I was surprise as the impression i got from the program was of people who looked real foreign to the Japanese had a higher chance.. but i think if she could do it so can I.
Which is why i am blogging my thoughts right now as going for the JET has always been part of my Japan Life plan. I want to use JET as a stepping stone to discover livelihood in Japan and maybe , if i am lucky plus possible, work in Japan for a few years and if i am extremely lucky, get hitched with a native there - yes i am not being shy about it.
It has always been my dream and having been learning Japanese at a language school was a first step towards this dream. Now i want to move forward to meet and socializing with Japanese people - young or old.
Perhaps I might leave the design field behind and start working with in the Japan relations industry like as a translator or a relations executive in an events company that organizes Japanese events in Singapore or even with the Japanese Creative Centre or Japanese Cultural society - with a art/design background in consideration.
At my current level right now. I am really lacking in my Japanese linguistics. I need to make time to do revision and do well in Japanese proficiency tests, to immerse more and more into Japan and clock up a little bit of teaching/guiding experience. :)
It was not the JET program that my friend got into that surprised me but it was her attitude. The attitude of starting living before you start dying, do not do nothing and regret later. Start working towards what you want to do and stop procrastinating and then regret later.
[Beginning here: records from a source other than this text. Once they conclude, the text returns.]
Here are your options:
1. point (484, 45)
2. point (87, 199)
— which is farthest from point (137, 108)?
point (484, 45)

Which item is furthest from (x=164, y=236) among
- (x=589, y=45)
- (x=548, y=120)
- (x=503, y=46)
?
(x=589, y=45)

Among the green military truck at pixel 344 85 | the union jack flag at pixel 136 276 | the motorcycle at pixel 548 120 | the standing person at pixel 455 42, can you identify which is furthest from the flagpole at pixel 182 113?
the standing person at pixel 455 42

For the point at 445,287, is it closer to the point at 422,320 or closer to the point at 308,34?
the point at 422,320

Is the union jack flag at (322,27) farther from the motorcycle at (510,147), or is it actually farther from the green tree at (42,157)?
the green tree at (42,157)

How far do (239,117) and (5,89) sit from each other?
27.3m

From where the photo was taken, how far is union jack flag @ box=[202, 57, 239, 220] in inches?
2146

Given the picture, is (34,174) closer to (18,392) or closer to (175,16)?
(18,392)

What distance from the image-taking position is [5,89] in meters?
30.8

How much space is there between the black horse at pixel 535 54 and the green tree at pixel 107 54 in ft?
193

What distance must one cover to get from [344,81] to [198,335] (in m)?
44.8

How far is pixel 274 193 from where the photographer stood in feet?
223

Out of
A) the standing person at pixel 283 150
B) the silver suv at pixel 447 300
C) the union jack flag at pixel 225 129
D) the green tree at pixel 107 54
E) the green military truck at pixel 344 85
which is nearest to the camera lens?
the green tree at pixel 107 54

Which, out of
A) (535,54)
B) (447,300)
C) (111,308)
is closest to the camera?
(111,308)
Her attitude towards her dream really encouraged me to move forward in doing what i want to do.
Despite my dream, I feel that spiritually, I will need to ask God if it is what He wants me to do, if i am on the right track moving towards what he wants me to fulfill. Well, i have one and a half year to do so and shall keep asking and taking my time to hear from Him. If its right with God, it will be right by me.
Onwards to 2016 to Japan! 行け！